We investigate infinity with set theory, which deals with sets - collections of things, like the set of all natural numbers and the set of all polygons. Sets can contain anything (including sets) and can be however large. But even though a set can be easily larger than the entire physical (not just the observable) universe, there are sets that are too large to be a set. One of them is the set of everything (a.k.a. the universal set). Known as the Russell’s Paradox, the proof itself is as spectacular as the result: the attempt to create a foundation for math through set theory accidentally created a creature too large to be contained.

A Short Proof

The original version of the proof is effective and succinct. It goes as follows.

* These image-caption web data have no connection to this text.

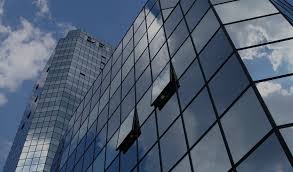 Five Star Trading LLC Dubai UAE – Passion for Innovation ...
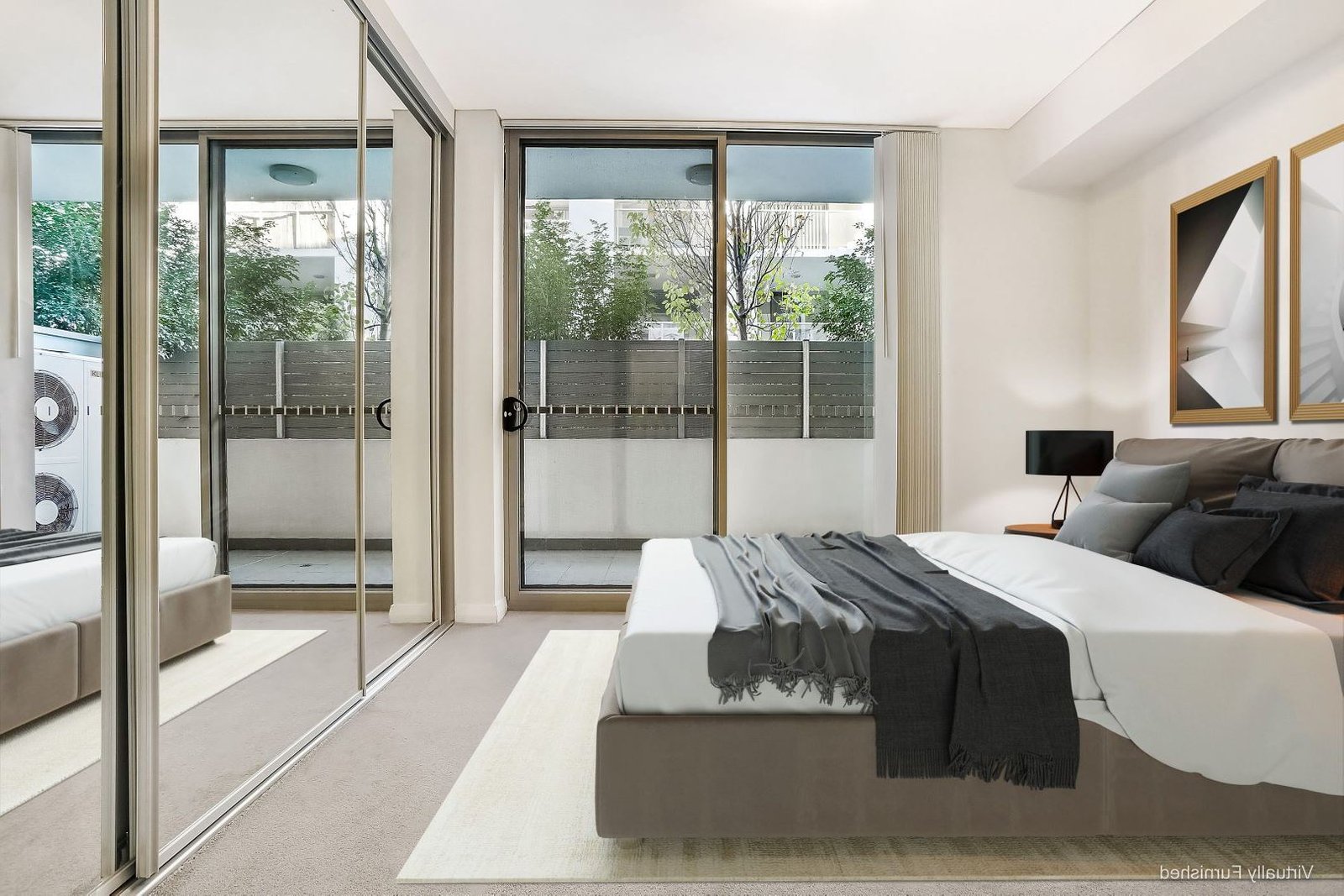 1207/43-45 Wilson Street BOTANY 3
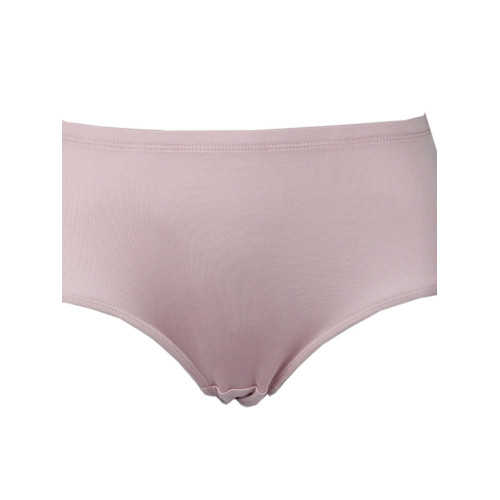 真絲無痕內褲女夏季舒適透氣低腰桑蠶絲雙面針織包臀薄款三角內褲 真絲無痕內褲女夏季舒適透氣低腰桑蠶絲雙面針織包臀薄款三角內褲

Let’s assume that the universal set exists. Now we construct a set $S$ such that it contains all sets that do not contain itself. Symbolically,

\[S = \{ x \in U: x \notin x \} \text{,}\]

where $U$ is the universal set.

Now, does $S$ contain itself? If it does, by definition, it does not, and vise versa. Let that sink in.

Although the argument is logically correct and sound, it’s a bit hard to understand and, in my opinion, does not capture the essence of the paradox – the universal set is too “big” to be a set, and self reference is not the culprit 1. Therefore, I would like to introduce an alternative (and equivalent) view of the proof, which is similar to Cantor’s diagonal argument. It’s a bit more involved and longer, but it gives you a much better grasp of what the universal set looks like and why exactly it doesn’t exist.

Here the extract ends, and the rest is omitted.